一つの方向性は、計画的な人事ローテーションとキャリアパスの提示です。優秀な人材には、一つのプロジェクトの完了を区切りとして、また別の新しい挑戦の場(次の新製品開発プロジェクト、海外工場の立ち上げ支援など)を提供することで、継続的な成長とモチベーションの維持を図ります。そのためには、全社的な視点での人材育成計画と、個人のキャリア志向を汲み取る仕組みが不可欠です。

もう一つ重要なのは、プロジェクトで得られた知見の組織的な継承です。立ち上げ時の苦労や失敗から得られた貴重なノウハウは、個人の経験談で終わらせるのではなく、設計標準や作業手順書、トラブルシューティング集といった「形式知」に落とし込み、組織全体の資産としなければなりません。これにより、プロジェクトメンバーは「知識を遺す」という重要な役割を果たすことができ、操業部門はより高いレベルからスタートを切ることが可能になります。

「作る」から「回す」へのスムーズなバトンタッチ

プロジェクトチームから操業チームへの引き継ぎは、単なる設備の引き渡しではありません。なぜその設計になったのかという設計思想、過去に発生したトラブルとその対策といった、目に見えない「暗黙知」をいかに継承するかが、その後の安定操業の鍵を握ります。

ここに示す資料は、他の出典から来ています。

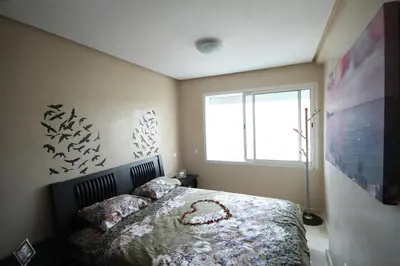 a bedroom with a bed and a window at Appartement Panoramique in Casablanca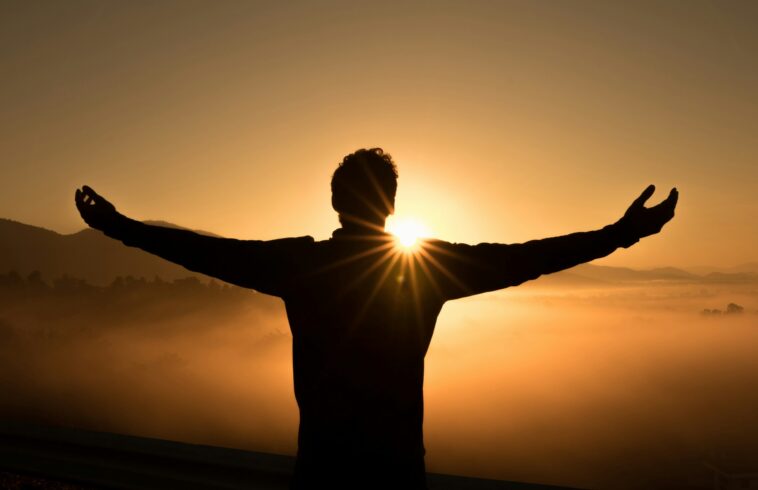 Silhouette of a person with arms outstretched facing a sunrise over misty mountains and a golden sky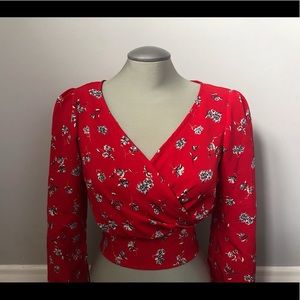 Red floral blouse
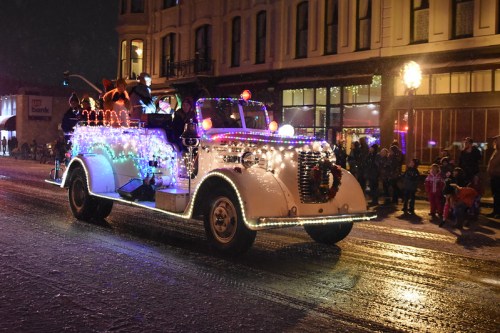 A festive parade float decorated with colorful lights, featuring people and a reindeer, driving down a street at night.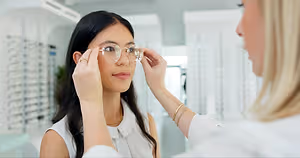 A woman is adjusting glasses on another woman in a white room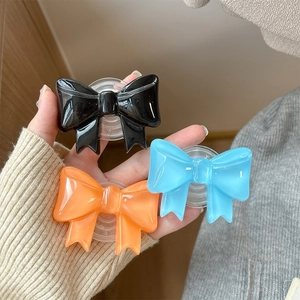 Minimalist solid color bow knot phone grip stand in black, blue and orange colors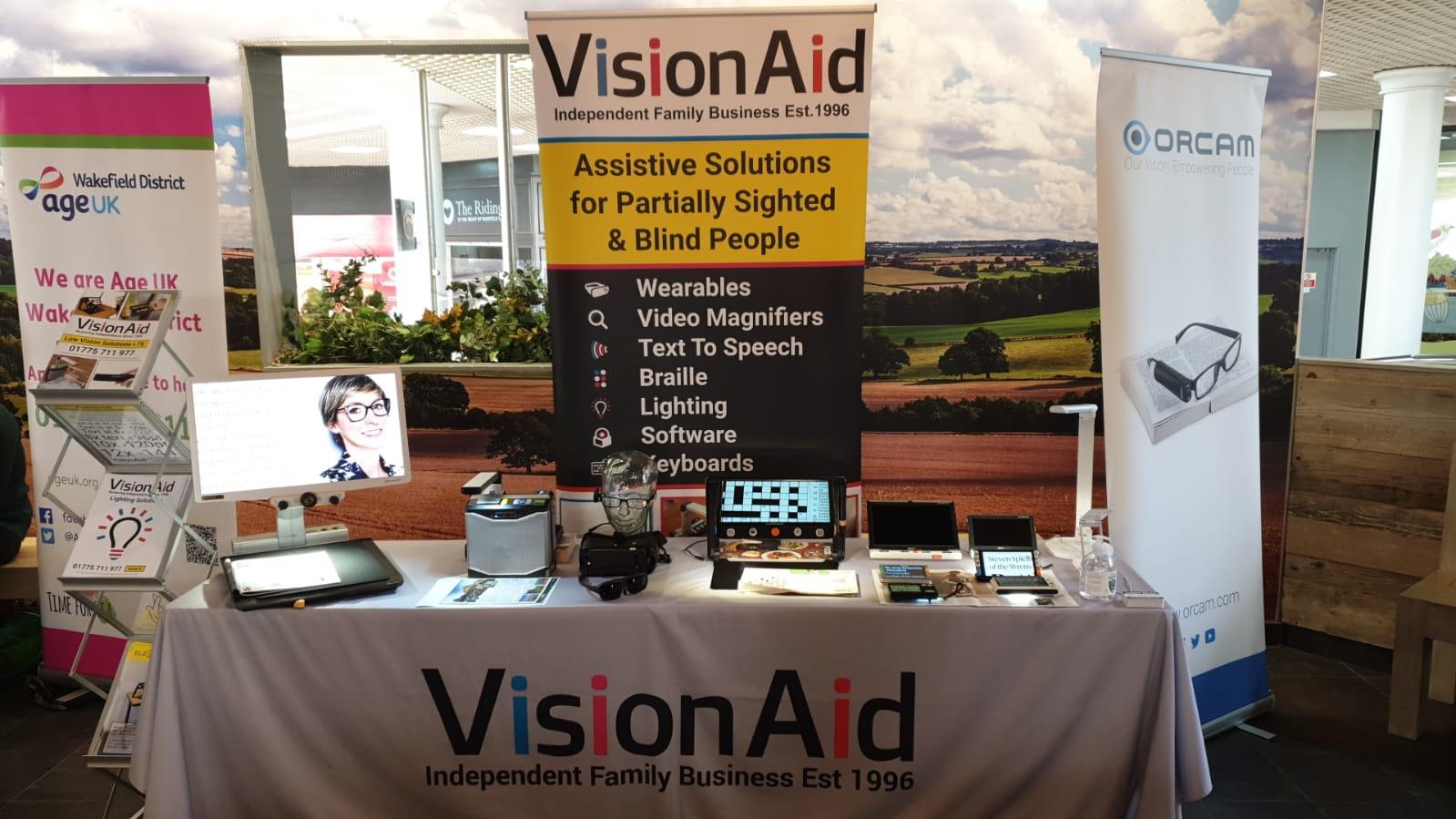 Image shows a table with a selection of our low vision and blindness solutions behind the table there is a visionaid and orcam banner to th eleft side of the table is a stand full of our brochures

これを実現するためには、プロジェクトの後半から操業部門の担当者を計画的に参画させたり、逆にプロジェクトメンバーが量産開始後も一定期間、現場のサポートに入ったりといった、組織間の垣根を越えた協力体制が効果的です。作る側と回す側が互いの立場を理解し、尊重し合う文化を醸成することが、スムーズなバトンタッチを可能にし、ひいては工場全体の力を高めることに繋がるのです。

日本の製造業への示唆

今回の事例から、日本の製造業が学ぶべき実務的な示唆を以下に整理します。

  1. 出口を見据えたプロジェクト計画:プロジェクトを計画する初期段階から、完了後の操業体制と、プロジェクトメンバーのキャリアパス(出口戦略)をセットで検討することが不可欠です。行き場のない優秀な人材を生み出さないための、経営層の配慮が求められます。

  2. 人材の多能工化とキャリアの複線化:プロジェクト経験は、個人にとって大きな成長の機会です。その経験を活かせる次の舞台を用意できるよう、社内公募制度の活用や、専門職としてのキャリアパスを整備するなど、人材活用の選択肢を多様化させることが重要です。

  3. 組織知の形式知化と共有:プロジェクトのプロセスと成果を、誰もが参照できる形で記録・保管する仕組みを構築すべきです。成功体験だけでなく、失敗から得た教訓こそが、組織にとって最も価値のある情報資産となります。

  4. 柔軟なリソース配分:プロジェクトのフェーズに応じて、自社の正社員と外部の専門家(コンサルタント、エンジニアリング会社など)を戦略的に組み合わせることも有効な手段です。全ての機能を自社で抱えるのではなく、必要な時に必要なスキルを外部から調達するという柔軟な発想が、組織の効率性と対応力を高めます。

プロジェクトの成功は、単に目標の達成だけでなく、その後の事業が安定的に成長し、関わった人材がさらに活躍してこそ、真の成功と言えるでしょう。そのために、移行期における組織と人材のマネジメントに、より一層の注意を払う必要があります。